***** Given records

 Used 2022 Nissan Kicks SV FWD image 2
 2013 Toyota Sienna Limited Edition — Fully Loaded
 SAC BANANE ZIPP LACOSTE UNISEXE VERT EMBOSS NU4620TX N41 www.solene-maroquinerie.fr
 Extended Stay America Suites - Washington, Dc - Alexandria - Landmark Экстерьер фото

**********
***** Given records

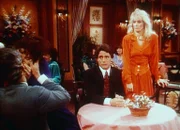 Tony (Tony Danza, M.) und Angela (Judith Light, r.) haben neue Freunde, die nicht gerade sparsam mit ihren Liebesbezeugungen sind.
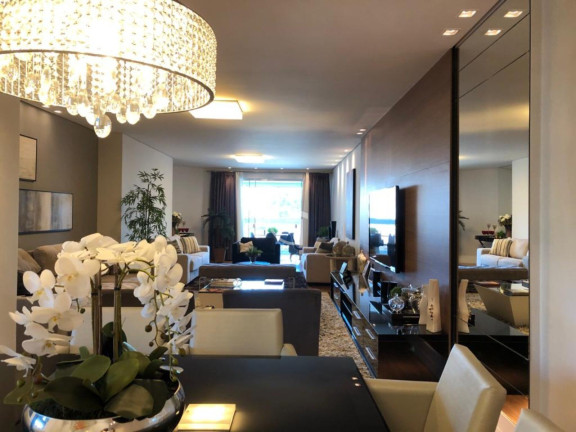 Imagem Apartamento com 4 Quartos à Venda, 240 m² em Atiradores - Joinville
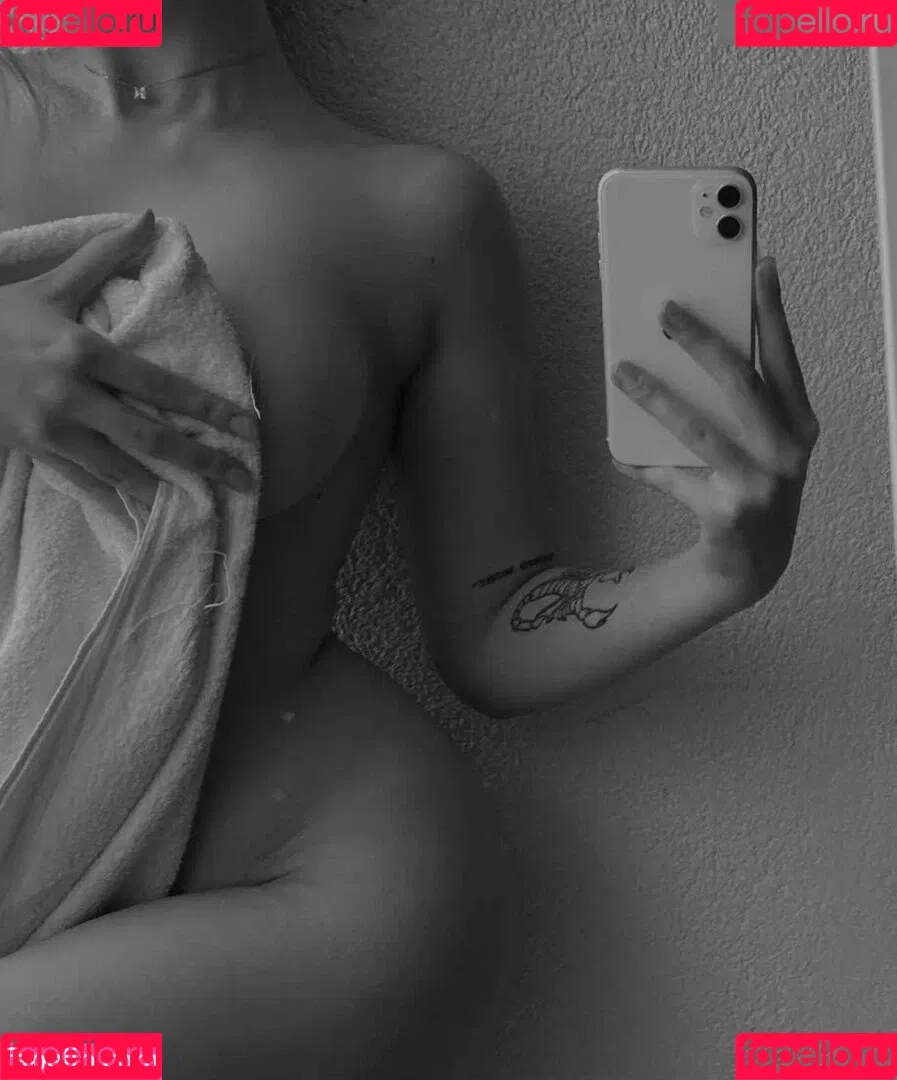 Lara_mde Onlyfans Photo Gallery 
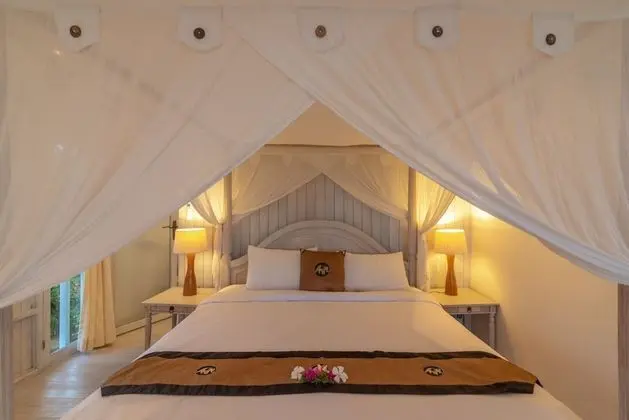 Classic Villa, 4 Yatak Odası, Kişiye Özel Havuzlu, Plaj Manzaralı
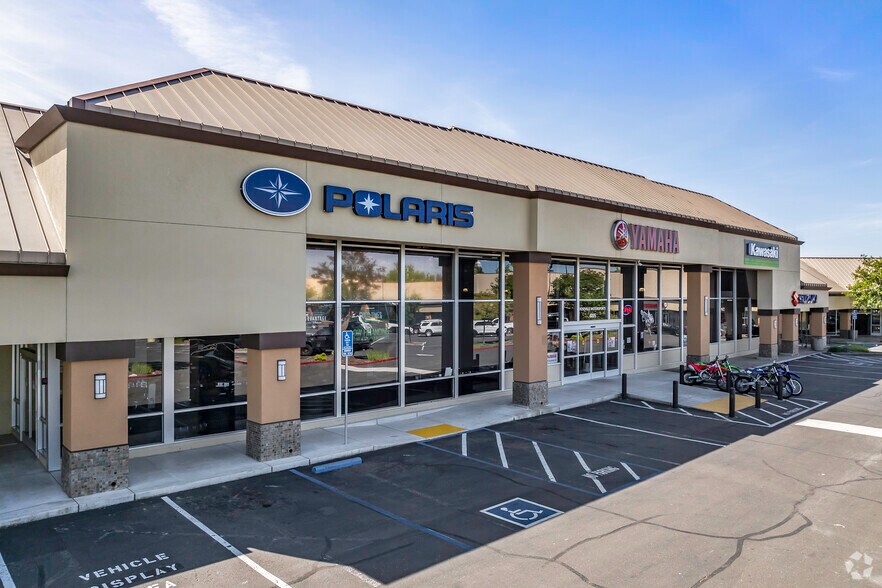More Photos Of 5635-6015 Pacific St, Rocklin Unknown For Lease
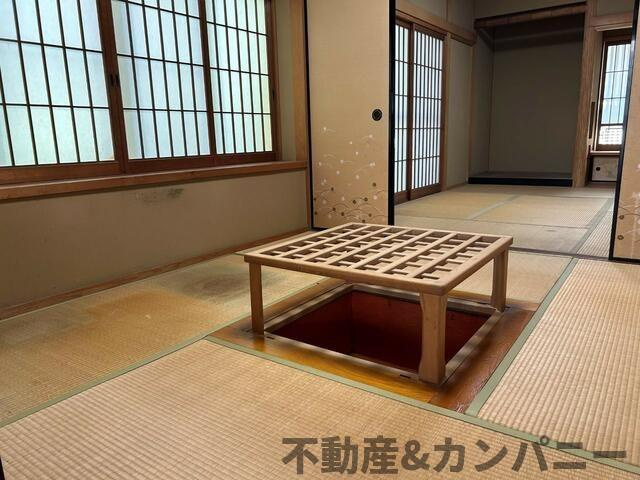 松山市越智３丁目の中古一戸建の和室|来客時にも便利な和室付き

**********
***** Given records

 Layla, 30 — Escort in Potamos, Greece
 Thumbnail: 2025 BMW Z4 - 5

**********

» Problem to work on
Using the entries above, extract exactly the span from the line with "Used 2022 Nissan Kicks SV FWD image 2" to the line with "Extended Stay America", both lines included; leave out everything else.

» Final answer
 Used 2022 Nissan Kicks SV FWD image 2
 2013 Toyota Sienna Limited Edition — Fully Loaded
 SAC BANANE ZIPP LACOSTE UNISEXE VERT EMBOSS NU4620TX N41 www.solene-maroquinerie.fr
 Extended Stay America Suites - Washington, Dc - Alexandria - Landmark Экстерьер фото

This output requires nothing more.